On behalf of my colleagues I would like to thank one person whom the Leader of the Opposition failed to mention, and that is the Leader of the Opposition. I thank Kim for his fantastic leadership of the party in the last 12 months. Every member of the Labor Party and every supporter was proud of the role he played in the election campaign, of the principled leadership he provided during the year in some very difficult times and of the effective leadership he provided, particularly during the election. I suspect that the new members—those who won seats as a result of that leadership—are particularly grateful, but all of us are grateful not only because our margins are significantly larger but also for the morale and leadership which he gave.


Mr Bevis —Not as large as Kim's.


Mr McMULLAN —Mine is larger than Kim's, I am happy to tell you. But I did not get as big a swing. Leo and the staff in his office do a great job. All the members of the parliamentary Labor Party depend upon Leo's office—Joan and all the people who work there. We are enormously grateful for the good work that they do.

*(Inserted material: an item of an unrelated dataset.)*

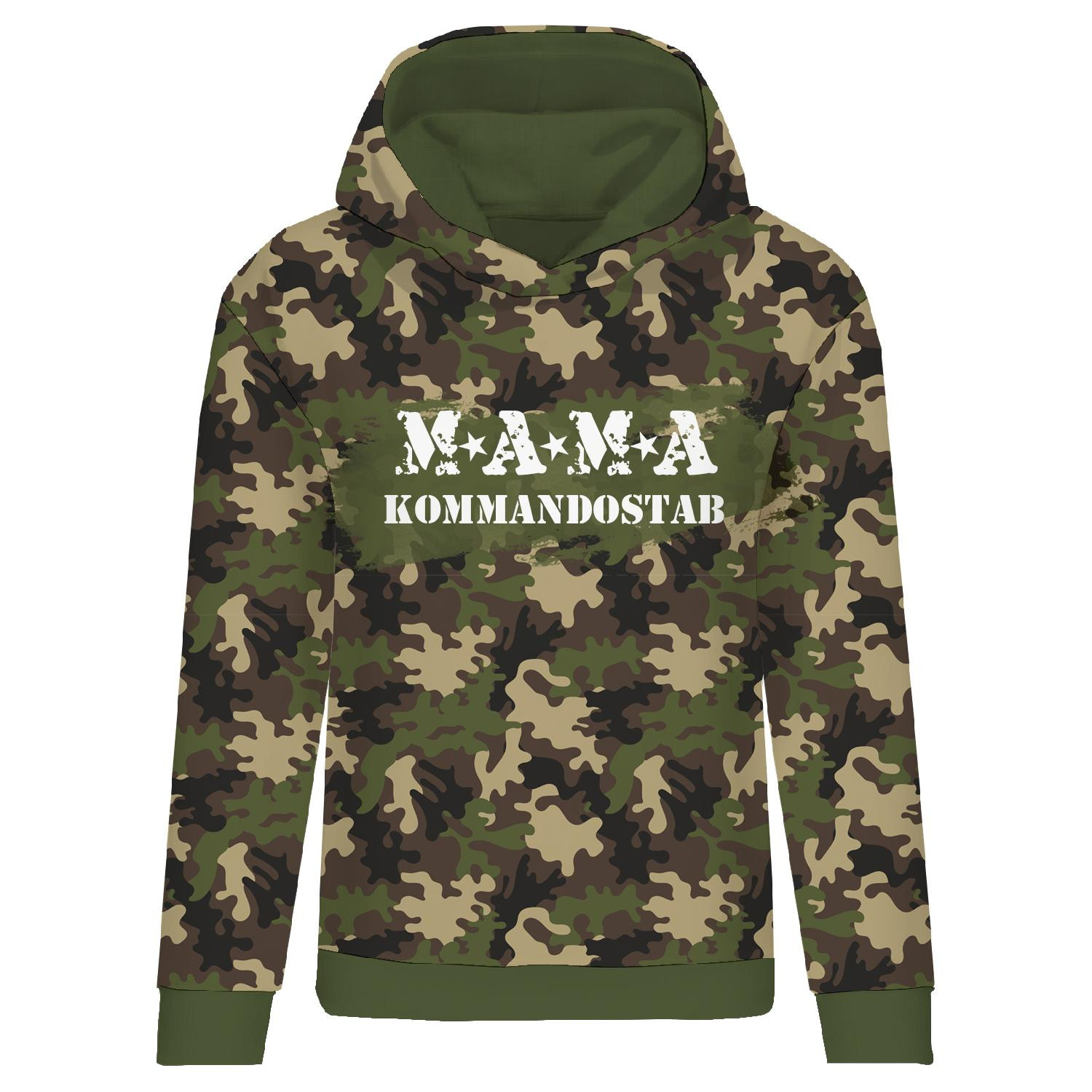 BLUZA DAMSKA (POLA) CLASSIC Z KAPTUREM - MAMA / moro - dzianina pętelkowa DE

To Rod Sawford, Bob Sercombe, all my colleagues—particularly the new ones—and all the government members: I join with everybody else in wishing you a very enjoyable Christmas and a recuperative new year so that we can come back in February armed to perform the functions for which the electors send us here with all the energy we can muster—so that we can try to leave them with a better impression of the parliament than they started with.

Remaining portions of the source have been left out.